Thanks to all the readers who responded to the problems we discussed in last month’s column. We had given a small code snippet of multi-threaded code, which exhibits false sharing of data. We had asked readers to rewrite the code to avoid the false sharing issue. Congratulations to Nilesh Govande, Arivendu Bhardwaj, Vivek Goel and Miranda Walters for getting the correct answer. Here is the original buggy code snippet from the takeaway problem:
incrementTicketCounter() { int thread_id = pthread_self(); num_tickets_per_thread[thread_id] ++; } void PrintTotalTickets() { //only the main thread calls this function, so no locking needed for (int i = 0; i < N; i++) num_total_tickets += Num_tickets_per_thread[i]; printf ("%d", num_total_tickets); }
Assuming a cache line of size 64 bytes, we see that 16 elements of the array num_tickets_per_thread can fit in the same cache line. Recall that a processor updating the array element num_tickets_per_thread[thread_id] ends up invalidating the other processor’s cache copies because of their co-location in the same cache line. Unlike true sharing where the same datum is accessed by multiple threads, in this case, different threads access different data items. Because of their co-location in the same cache line, the line gets migrated across the different processor caches. This phenomenon is known as false sharing. This results in an increased number of cache misses and will show up as an increase in the execution time of the application.
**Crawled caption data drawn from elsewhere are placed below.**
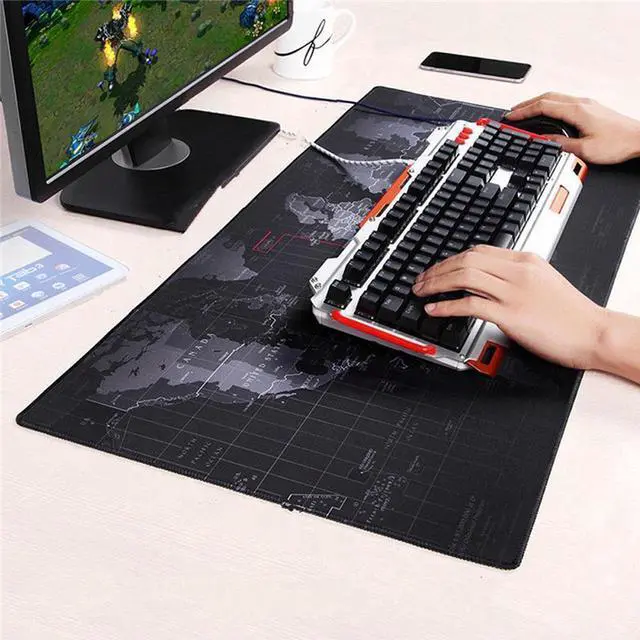Alt view image 7 of 7 - 800*300*2mm World Map Speed Keyboard Mouse Pad Mat Computer Gaming Mousepad Locking Edge Table Mat- Non-slip Rubber Base for PC Computer Laptop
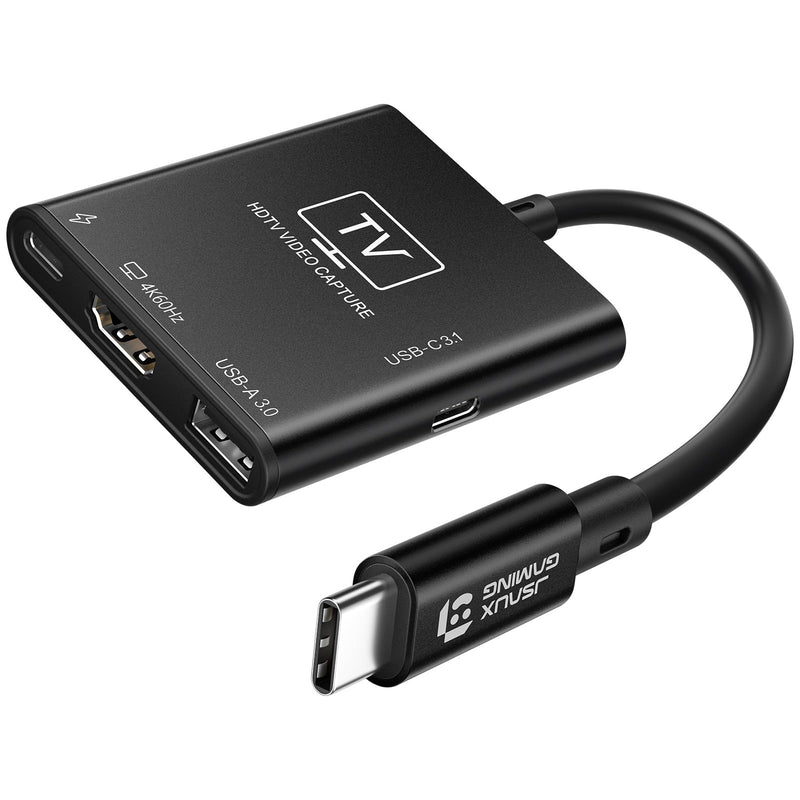 JSAUX Video Capture Card Intended for Nintendo Switch 2/Steam Deck/ROG Ally | 4K 60Hz HDMI Passthrough, 1080P 60FPS Record, Compatible with Nintendo Switch 2/Steam Deck/ROG Ally/Legion/Phone/Laptop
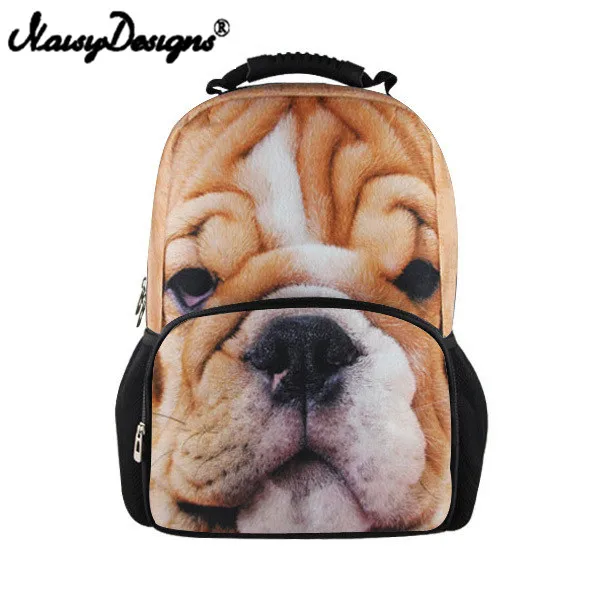 Noisy Designs Модный повседневный рюкзак с изображением бульдога для мужчин 3D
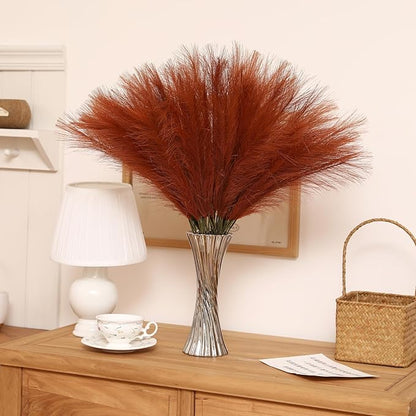 Burnt Orange Pampas Grass - 30pcs 24 Inch Artificial Pampas Grass Decor, Tall Pampas Grass for Floor Vase, Table Centerpieces, Wedding, Party and Fall Decor (Burnt Orange, 30 Pieces)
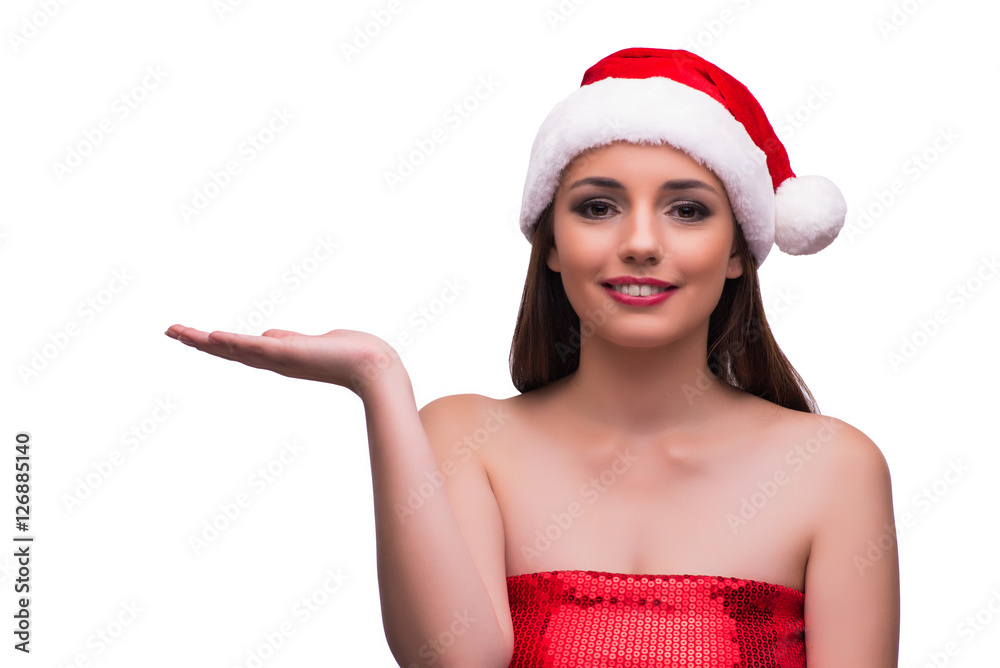 Santa girl holding hands isolated on white Santa girl holding hands isolated on white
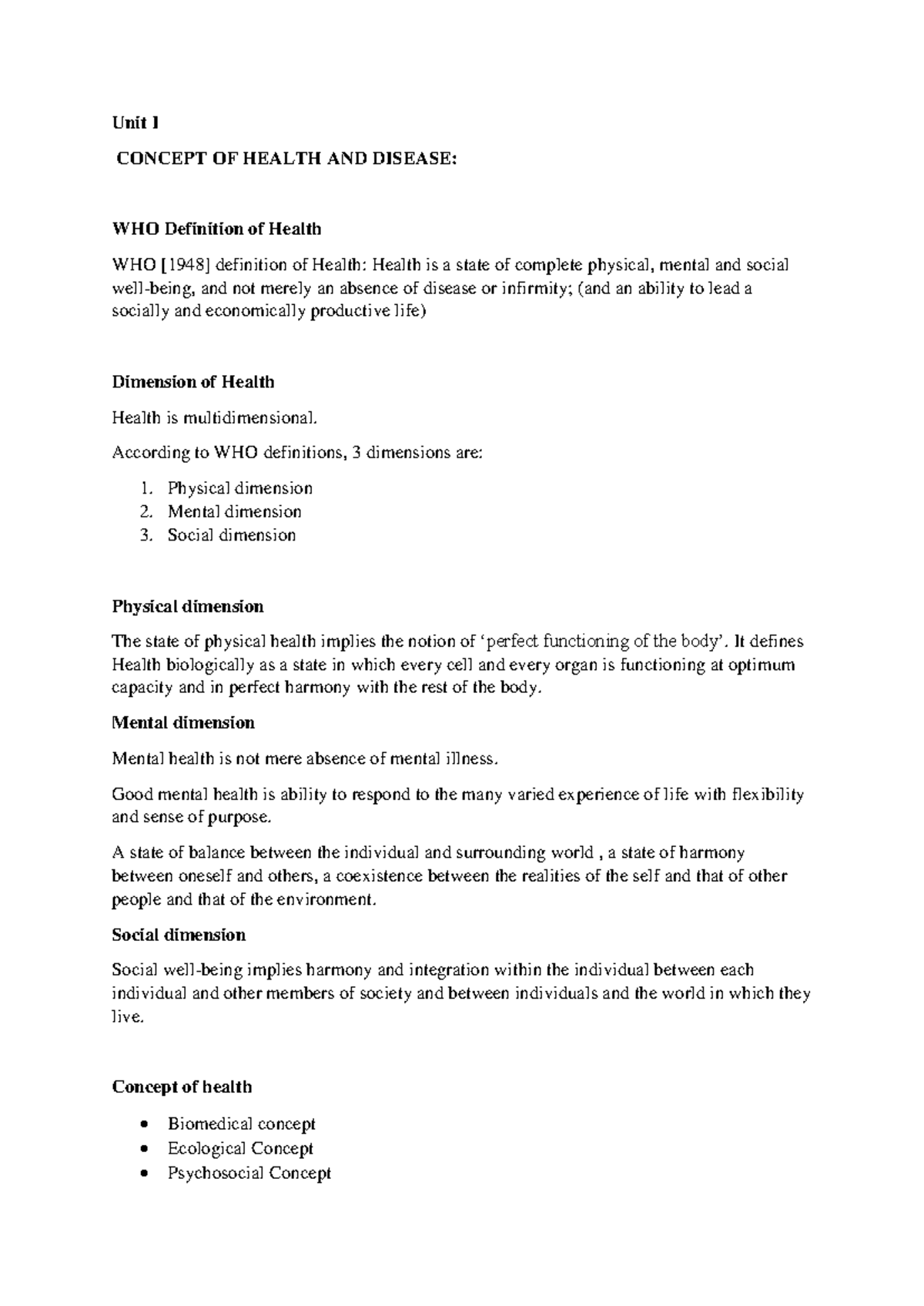 WHO Definition of Health: Concepts & Disease Prevention Summary - Studocu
#define CACHE_LINE_SIZE 64 //we assume a 64 byte cache line size struct ticket { int number; int dummy_pad[CACHE_LINE_SIZE – sizeof(int)]; }; struct ticket num_tickets_per_thread [N]; //N is the number of threads in your application incrementTicketCounter() { int thread_id = pthread_self(); num_tickets_per_thread[thread_id].number ++; } void PrintTotalTickets() { //only the main thread calls this function, so no locking needed for (int i = 0; i < N; i++) num_total_tickets += num_tickets_per_thread[i].number; printf (“%d”, num_total_tickets); }
As our readers correctly pointed out, in order to avoid false sharing, each element of the array num_tickets_per_thread needs to be placed on a separate cache line. The modified code given below does not exhibit any false sharing. We add a pad of size 60 bytes (assuming a cache line size of 64 bytes) around each element of the array so that each element is located on a different cache line. Hence, updating of one element of the array does not result in invalidating copies of any other element present in caches of other processors.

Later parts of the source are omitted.